A ValidationError is raised when the provided steps are not valid:

> Pipeline()

ValidationError: 1 validation error for Pipeline
steps
  field required (type=value_error.missing)

> Pipeline([{'name': 'domain', 'domain': 'example'}, {'name': 'invalid'}])

ValidationError: 130 validation errors for Pipeline
steps -> 1 -> name
  unexpected value; permitted: 'addmissingdates' (type=value_error.const; given=invalid; permitted=['addmissingdates'])
[...]

Pipeline combinations: references

Pipelines can reference other pipelines in certain steps: domain, append, and join. A method resolve_references is provided to find and replace recursively all references. It must be called before trying to execute or translate a pipeline.

Pipeline : variables

Some fields can contain variables instead of the actual value. They are accepted only in the model PipelineWithVariables. This model provides a method to replace all variables by their value.
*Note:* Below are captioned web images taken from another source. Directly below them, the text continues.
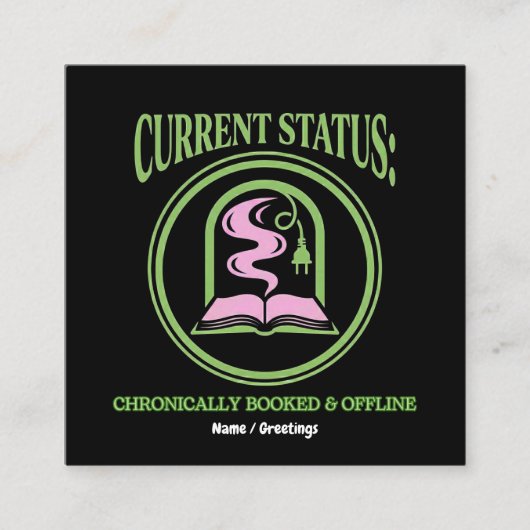 Chronically Booked & Offline Analog Reading Escape Vierkante Visitekaartje (Voorkant)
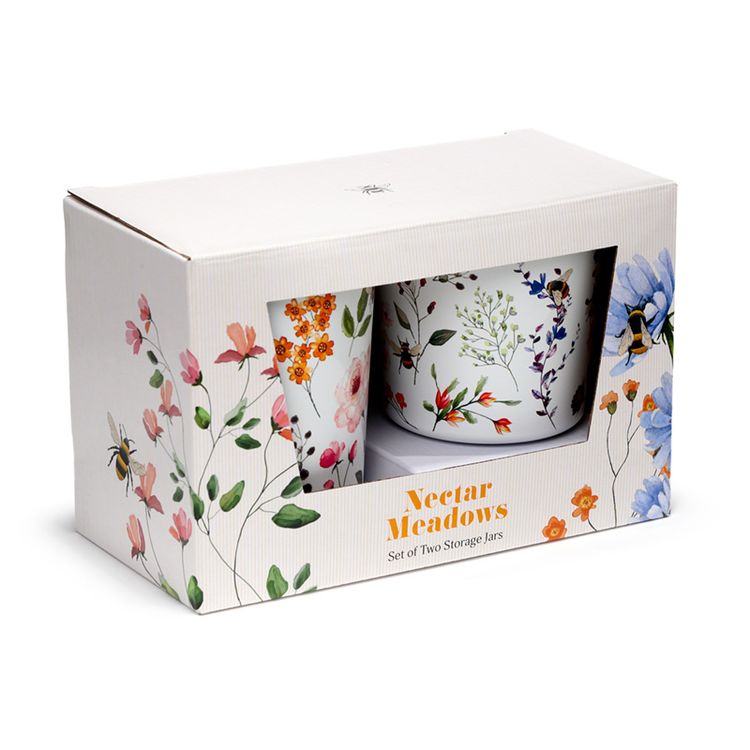 Puckator The Nectars - Set Tazza E Sottobicchiere In Porcellana Meadow Bee - Capacità 300 Ml - Regalo In Scatola Decorativa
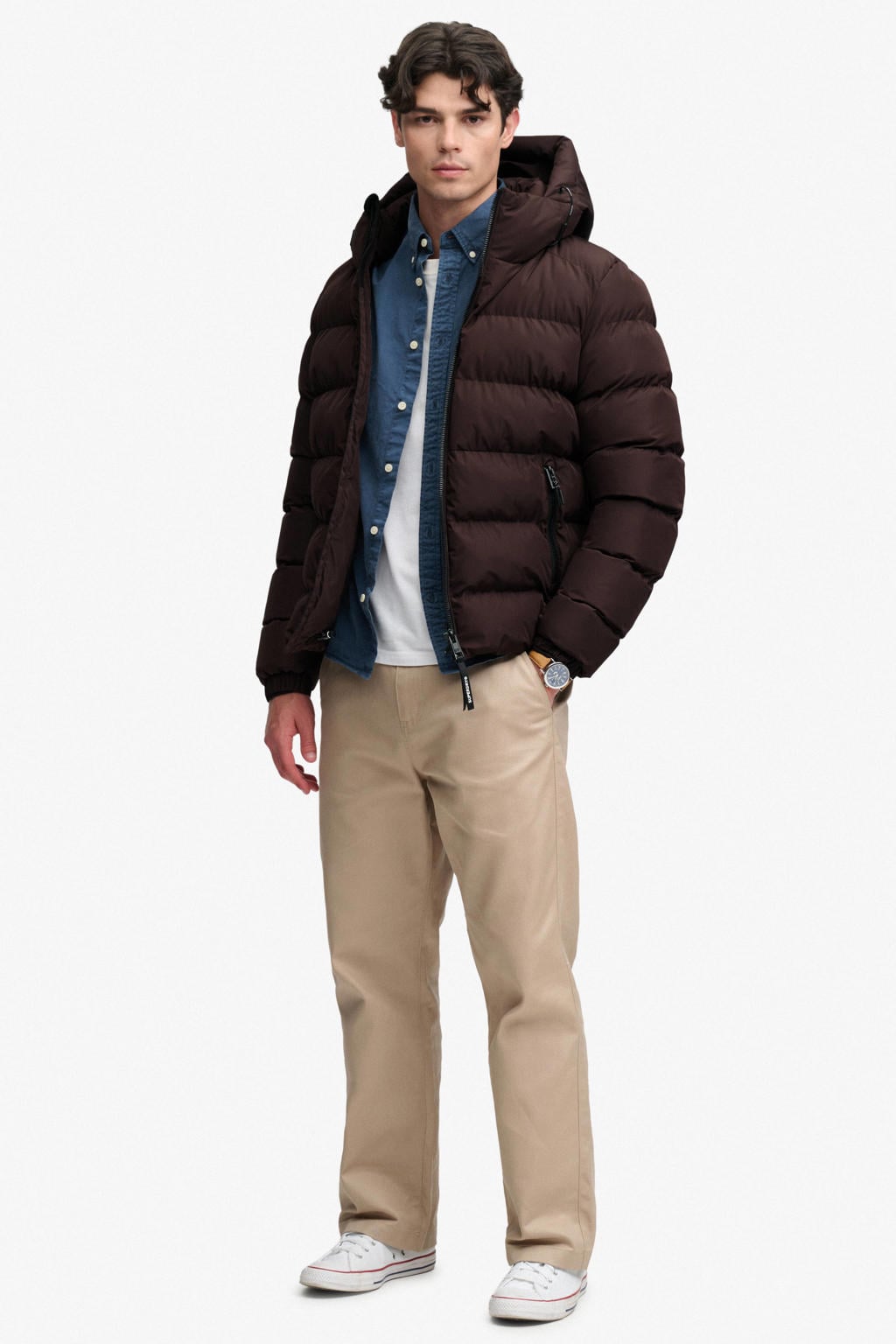 Superdry quilted gewatteerde winterjas - roodbruin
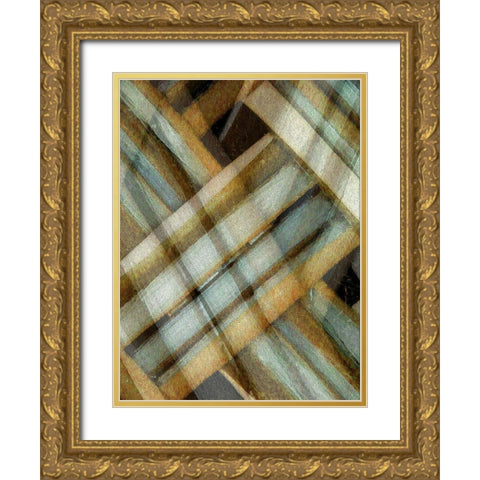 Weave Golden I Gold Ornate Wood Framed Art Print with Double Matting by Franklin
It must be called before trying to execute or translate a pipeline.

Executor backends: execute a pipeline

import pandas as pd
from weaverbird.backends.pandas_executor import execute_pipeline

def domain_retriever(domain_name: str) -> pd.DataFrame:
    return pd.read_csv(f'./datasets/{domain_name}.csv')

pipeline = [
  {'name': 'domain', 'domain': 'example'},
  {'name': 'filter', 'condition': {
    'column': 'planet',
    'operator': 'eq',
    'value': 'Earth',
  }}
]

execute_pipeline(pipeline, domain_retriever)

where:

  • pipeline is an instance of the Pipeline model
  • domain_retriever is a function that, from an identifier, returns a corresponding panda’s DataFrame

The result of execute_pipeline is a tuple formed by:

  • the transformed DataFrame,
  • a PipelineExecutionReport with details about time and memory usage for each of its steps.

As of today, only one executor backend exists for python, based on pandas.

Translator backends: translate a pipeline into a query

from weaverbird.backends.sqlite_translator import translate_pipeline

def domain_to_table_identifier(domain_name: str) -> str:
    return domain_name

pipeline = [
  {'name': 'domain', 'domain': 'example'},
  {'name': 'filter', 'condition': {
    'column': 'planet',
    'operator': 'eq',
    'value': 'Earth',
  }}
]

translate_pipeline(pipeline, domain_to_table_identifier)
# SELECT * FROM example WHERE planet='Earth'

where:

  • pipeline is an instance of the Pipeline model
  • domain_to_table_identifier is an optional function that, from an identifier, returns the corresponding identifier of the table in the targeted database

The result of translate_pipeline is a query, generally a str (but other types could be possible, like a list or dict for MongoDB queries).

As of today, no translator backend exists for python. We plan to implement one for MongoDB, and one for Snowflake SQL.

Summary


  ┌────────────────────────────┐
  │                            │
  │  pipeline with variables   │
  │                            │
  └──────────────┬─────────────┘
                 │
                 │  PipelieWithVariables.render
                 │
                 ▼
  ┌────────────────────────────┐
  │                            │
  │         pipeline           │
  │                            │
  └──────────────┬─────────────┘
                 │
                 │                                            input dataframes
                 │                                                  │
                 │                                                  │
                 OR────────────────────────────────────────┐        │
                 │                                         │        ▼
                 │                                         │
                 │ translate_pipeline                      │ execute_pipeline
                 │                                         │
                 ▼                                         ▼
            ┌─────────┐                          ┌────────────────────┐
            │  query  │                          │  output dataframe  │
            └─────────┘                          └────────────────────┘

How to: add a new translator

The only requirement is to create a dedicated sub-package inside the weaverbird/backends/ directory, exposing a translate_pipeline function, following the signature already explained in the previous section.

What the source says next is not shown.